Secure multi-party computation

The problem is the following. A set of $n$ parties, let’s call them $P_1, P_2, \dots, P_n$, wish to evaluate a function $\mathcal{F}$ based on their respective inputs $x_1, x_2, \dots, x_n$. That is, each party brings its own input $x_i$ , and the group’s goal is to compute $\mathcal{F}(x_1, x_2, \dots, x_n)$. The constraint of secure multi-party computation is that each party’s input $x_i$ is kept “private” in a sense which will be explained.

This problem is relevant to a variety of practical applications:

  • Secret ballot elections. In a secret ballot election, the goal is to tally individual votes without revealing who voted for whom. Here $x_i$ is the $i$th individual’s vote and the function $\mathcal{F}$ counts the votes for each candidate. Preserving the privacy of voters can protect against voter intimidation and retaliation.
  • Secure auctions. Bidders may want to keep their bids private and only reveal the winner using secure multi-party computation.
  • Machine learning. Data holders, such as health care providers, may be interested in statistics obtained from integrated databases. However, they are required by law to keep health records private. Secure multi-party computation can allow them to compute summaries of joint datasets without revealing individual records.

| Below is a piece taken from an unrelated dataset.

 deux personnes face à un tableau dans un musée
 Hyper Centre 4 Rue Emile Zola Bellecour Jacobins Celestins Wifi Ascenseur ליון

These applications each have specific requirements regarding the kind of privacy required and realistic threat models. In this post, we discuss the generic framework of secure multi-party computation (MPC), which can be used as a building block for these applications.

Generic framework of MPC

What do we mean by privacy?

We presented MPC as preserving the “privacy” of the individual inputs $x_i$, but this is misleading. To be more precise, the goal of MPC is to ensure that no party (or group of parties) can learn more about an input $x_i$ than what can be inferred through their own inputs and the result $\mathcal{F}(x_1, x_2, \dots, x_n)$.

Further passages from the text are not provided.